### Exercise directions
Exactly reproduce the lines of the listing below from the one containing "Petite Jenni lange" through the one containing "Used 2025 Toyota". Skip the images.

Entries provided below:

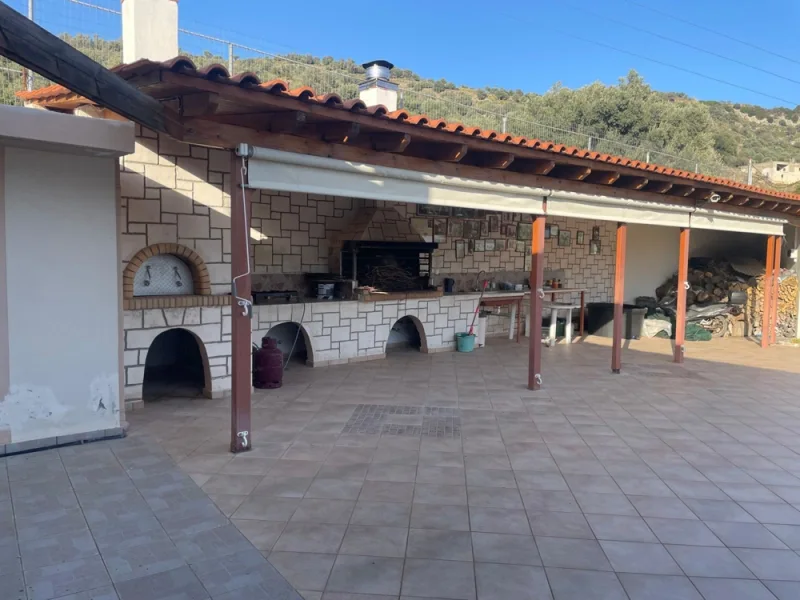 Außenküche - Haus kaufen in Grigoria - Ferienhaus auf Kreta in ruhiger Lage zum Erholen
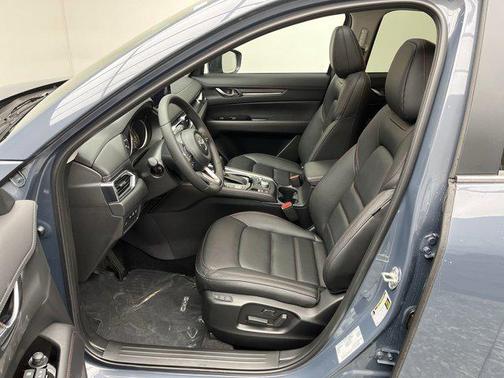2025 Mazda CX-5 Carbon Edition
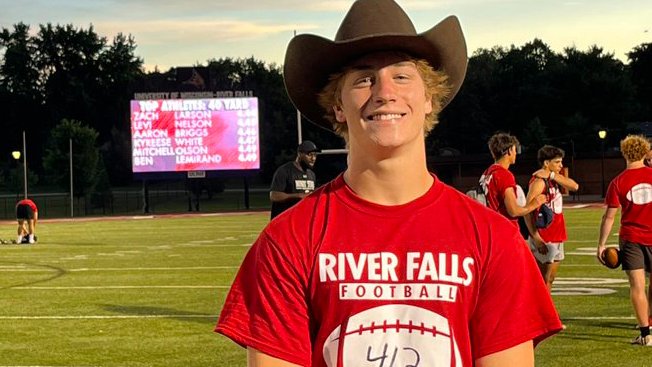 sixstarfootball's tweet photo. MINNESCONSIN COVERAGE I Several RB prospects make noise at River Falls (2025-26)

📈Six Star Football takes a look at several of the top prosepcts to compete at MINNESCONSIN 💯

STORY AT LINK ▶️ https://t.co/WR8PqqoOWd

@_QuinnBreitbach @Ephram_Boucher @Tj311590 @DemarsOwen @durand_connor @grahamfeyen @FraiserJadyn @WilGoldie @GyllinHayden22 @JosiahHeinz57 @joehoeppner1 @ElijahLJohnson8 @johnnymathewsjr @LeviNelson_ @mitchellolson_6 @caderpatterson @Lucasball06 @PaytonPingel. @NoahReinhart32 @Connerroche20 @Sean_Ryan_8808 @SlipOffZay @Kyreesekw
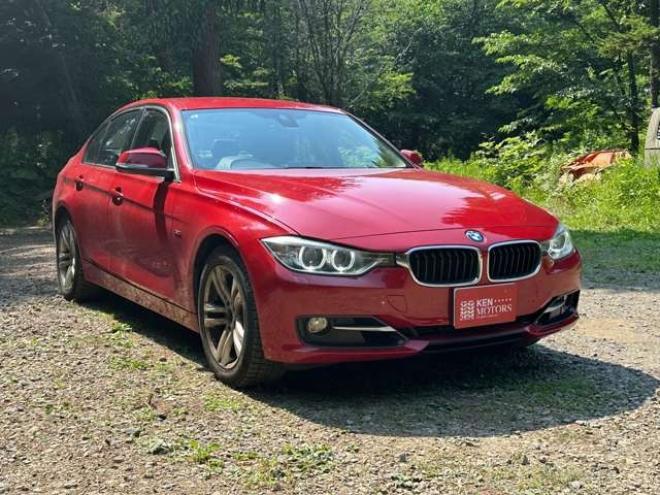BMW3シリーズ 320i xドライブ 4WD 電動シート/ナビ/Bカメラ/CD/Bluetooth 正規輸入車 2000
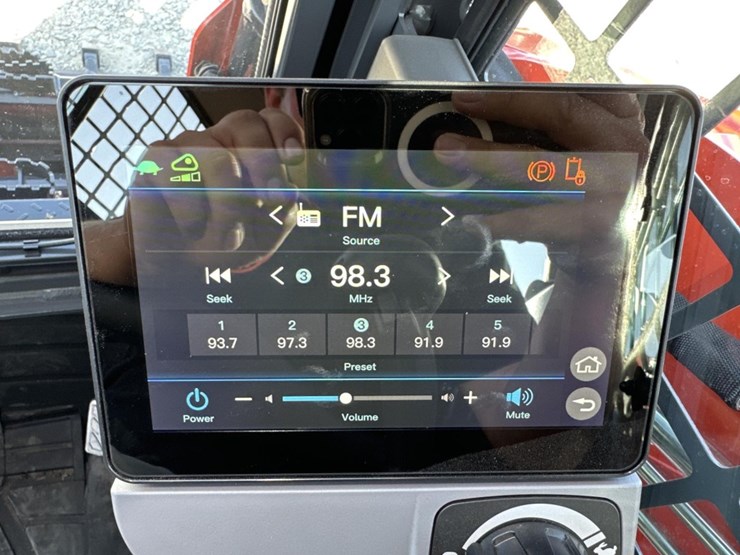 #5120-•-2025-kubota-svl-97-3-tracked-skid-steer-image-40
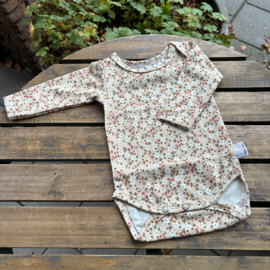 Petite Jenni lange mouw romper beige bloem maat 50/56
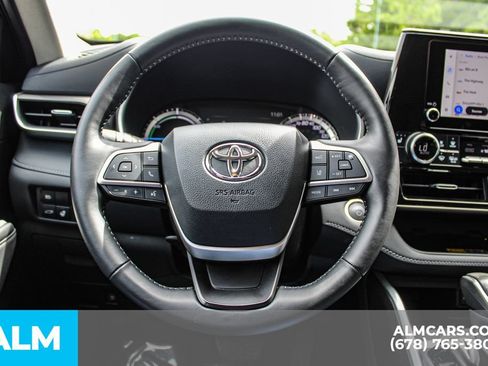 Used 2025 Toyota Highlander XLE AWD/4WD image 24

End of Entries provided.
Entries provided below:

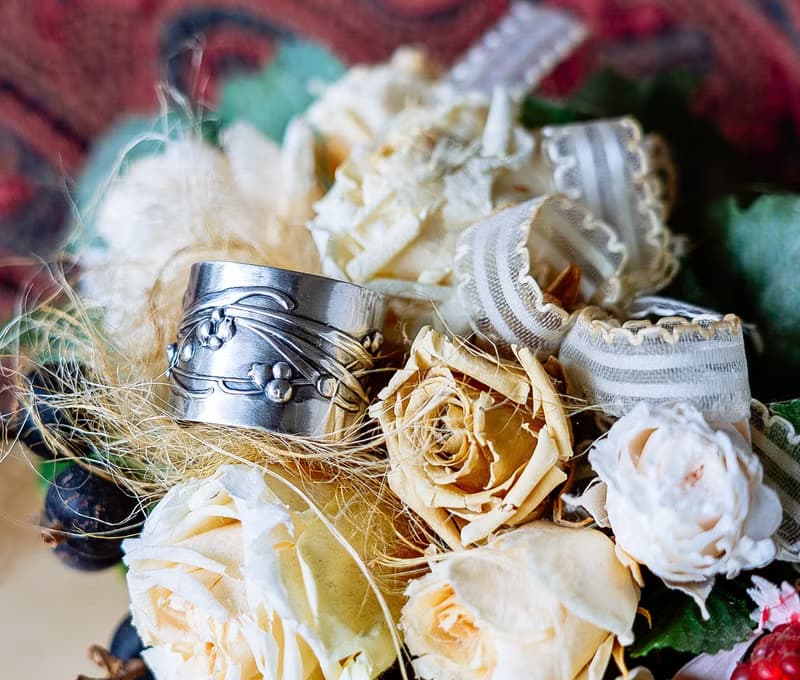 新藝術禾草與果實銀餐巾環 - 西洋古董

End of Entries provided.

### Expected answer
 Petite Jenni lange mouw romper beige bloem maat 50/56
 Used 2025 Toyota Highlander XLE AWD/4WD image 24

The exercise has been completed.